UK Investors Chase North American Equity Inflows as Cash Defences Ease
Investment Association (IA) data for April 2026 shows north American equity inflows of £932.2 million, the highest monthly figure for the sector since April 2025, as UK retail investors recorded a sixth consecutive month of net inflows and began unwinding positions in money market funds. The wire figure cited by several outlets was £860 million; the IA’s own press release gives £932.2 million, and that is the figure used here.
Miranda Seath, Director, Market Insight and Fund Sectors at the IA, framed the run plainly: ‘Six months of consecutive inflows is a meaningful signal that retail investors have not been shaken from their long-term plans, even as the investment landscape has remained far from straightforward.’
The backdrop helped. The MSCI World Index returned 9.6% in April in US dollar terms, its strongest monthly gain since 2020. Overall monthly retail inflows rose to £1.5 billion, up from £1.3 billion in March. Total industry funds under management reached £1.66 trillion by the end of April, compared with £1.46 trillion twelve months earlier.

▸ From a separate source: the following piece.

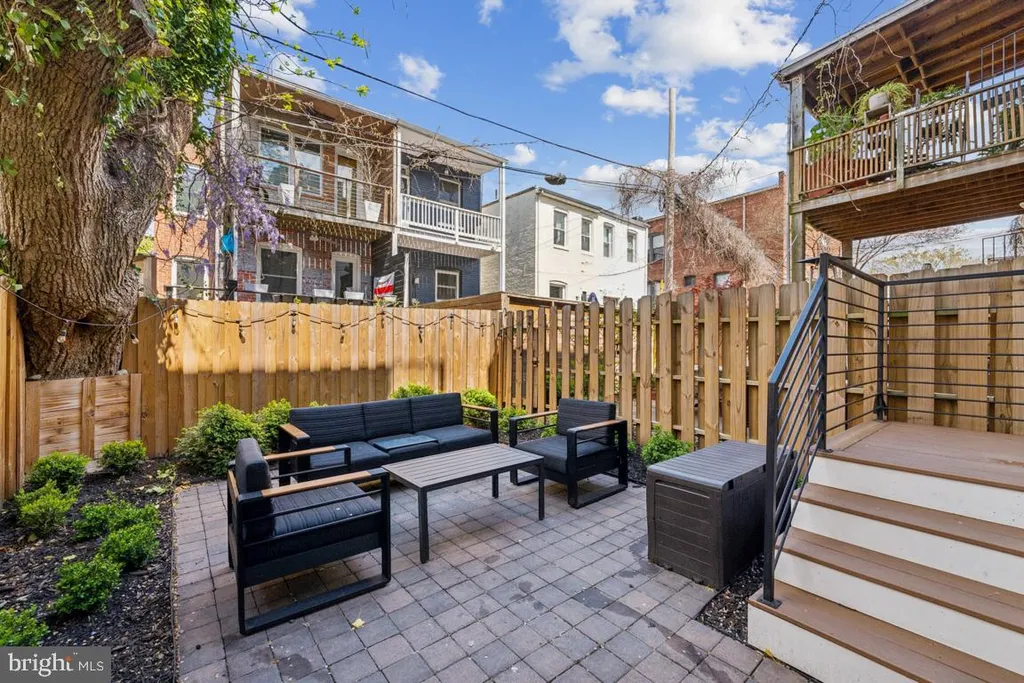 1485 Monroe Street NW Unit 1, Washington, DC 20010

North American Equity Inflows Dominate the Sector Rankings
The IA’s April 2026 best and worst-selling sector table underlines how concentrated the rotation was:
| Sector | Net retail flow (£m) |
|---|---|
| North America | +932.2 |
| Volatility Managed | +607.0 |
| Global | +385.1 |
| Mixed Bond | +373.5 |
| Mixed Investment 40-85% Shares | +341.2 |
| Short Term Money Market | -856.4 |
Within the North America figure, tracker funds accounted for £1.2 billion of inflows, with active North American funds in net outflow. That pattern held across the broader equity universe: equity index trackers attracted £1.7 billion while actively managed equity funds shed £2.4 billion. Tracker funds under management across all asset classes stood at £422 billion at end-April, representing 25.3% of total industry funds under management, supported by net retail inflows into trackers of £1.84 billion for the month.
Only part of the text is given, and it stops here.